Kılıçbalığı yırtıcı balık değildir. Büyük-küçük yırtıcı balıklardan da korkmaz. Zorda kalsa bile kılıcını kullanmaz. Bu balığın en büyük düşmanı çok küçük bir parazit olan Pennatula’dır. Bu parazit, kılıçbalığının sırtına yapışır kalır. Balığa çok eziyet ve acı verir. Kılıçbalığı bu acıya tahammül edemez, çıldıracak hale gelir, kurtulabilmek için kayalara çarpar, olmaz ise kendisini bile bile balık ağlarına teslim ederek intihar eder.
Kılıç balıkçılığı artık yapılmıyor! Kılıççılar da artık yok! Kılıç balıkçılığında kullanılan malzemeler,  mağazalarda bir kenarda istiflenmiş ya da bir köşeye atılmış, oradan yok olacağı zamanı beklemektedir. Eski reisler malzemelerine kıyamaz, gelinlerin çeyiz saklaması gibi bir kenarda tutar ve saklar! Ama yeni reislerin bu malzemelerle işi olmaz, ne işe yaradıklarını duymuşlardır ama nasıl kullanıldıklarını öğrenmek bile istemezler!  Yeni malzeme ve cihazlar için yer aradıklarında “yahu ne işe yarar bunlar, bunların zamanı geçti” der ve göz önünden kaldırıp atarlarsa, büyüklerinin eskiye özlemi daha da artar. Çünkü günümüz reisleri ve bugünkü balıkçılar o basit malzeme ve aletlerin ne kadar önemli olduğunu kavramakta zorluk çeker…

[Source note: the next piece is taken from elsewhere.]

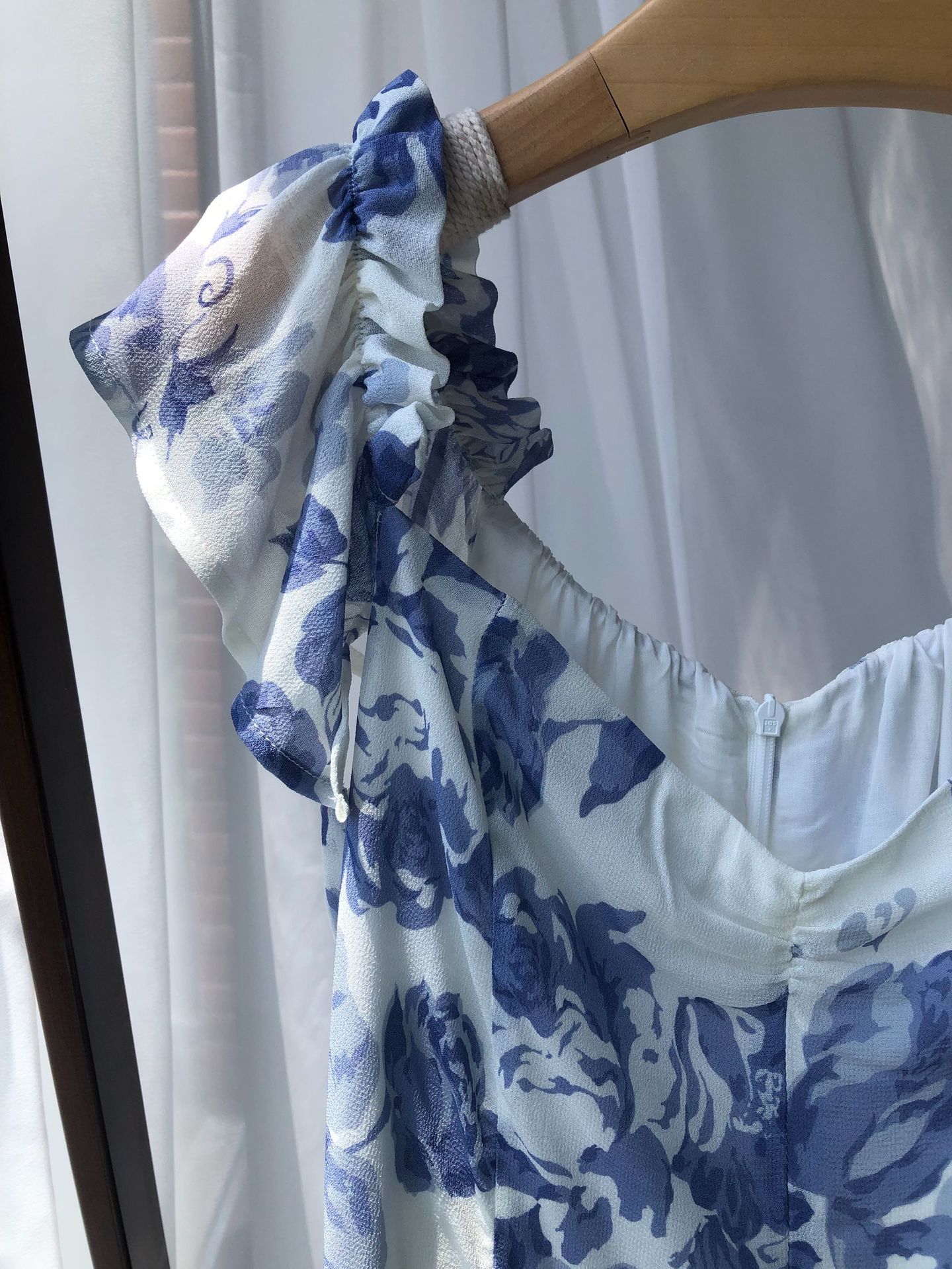 蓝花18.JPG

Kılıç balığı avcılığı ağ ve zıpkınla yapılır. Ağla yapılanı iki türlüdür. Gırgır ve akışla (uzatma).Gırgırla yapılan balıkçılıkta, reis balığı gördüğünde, uzaktan balığın etrafında firdola dönerek ağı döker ve iki kayık (alamana) baş başa geldiğinde ağ çekilerek balık avcılığı tamamlanırdı. Ağ içinde balık kalmışsa kayıklara alınır ve satışa gönderilirdi. Gırgırla yapılan avcılık yetmiş yıl kadar önce terk edildi ve sadece hatıralarda kaldı!  O günleri yaşanların sayısı parmakla sayılacak kadar az!
Kılıççılıkta ağ balıkçılığı ile birlikte zıpkınla da avcılık yapıldı. Zıpkınla kılıç avcılığı Poyrazlıların icadıdır denilse yeridir. Önce Poyrazköylü balıkçılar bu işe başlamış ve devam ettirmişlerdir. Poyrazlıları Marmara Adasının balıkçı köylü olan Çınarlı köylüler takıp ettiler. Sonra diğer yerlerin balıkçıları…
Zıpkınla kılıç balıkçılığı baltabaş teknelerle yapılırdı. Zaman zaman takalar da kullanılmasına rağmen, en uygun olanı baltabaş teknelerdi.  Teknelerin baş tarafından ileriye doğru 4-5 metrelik bir kalas uzatılarak dip taraftan tekneye iyice bağlanır ve sağlamlaştırılır. İşin ehli olan zıpkıncı kalasın en ucuna gider oturur ve avını bekler. Teknede en fazla dört kişi bulunur. Biri dümeni kullanır ve tekneye kumanda eder, biri yardımcı olarak kalır, biri dürbünle balık gözler, diğeri de zıpkıncıdır, kalasın uçunda oturur ve zıpkını kullanacağı anı bekler.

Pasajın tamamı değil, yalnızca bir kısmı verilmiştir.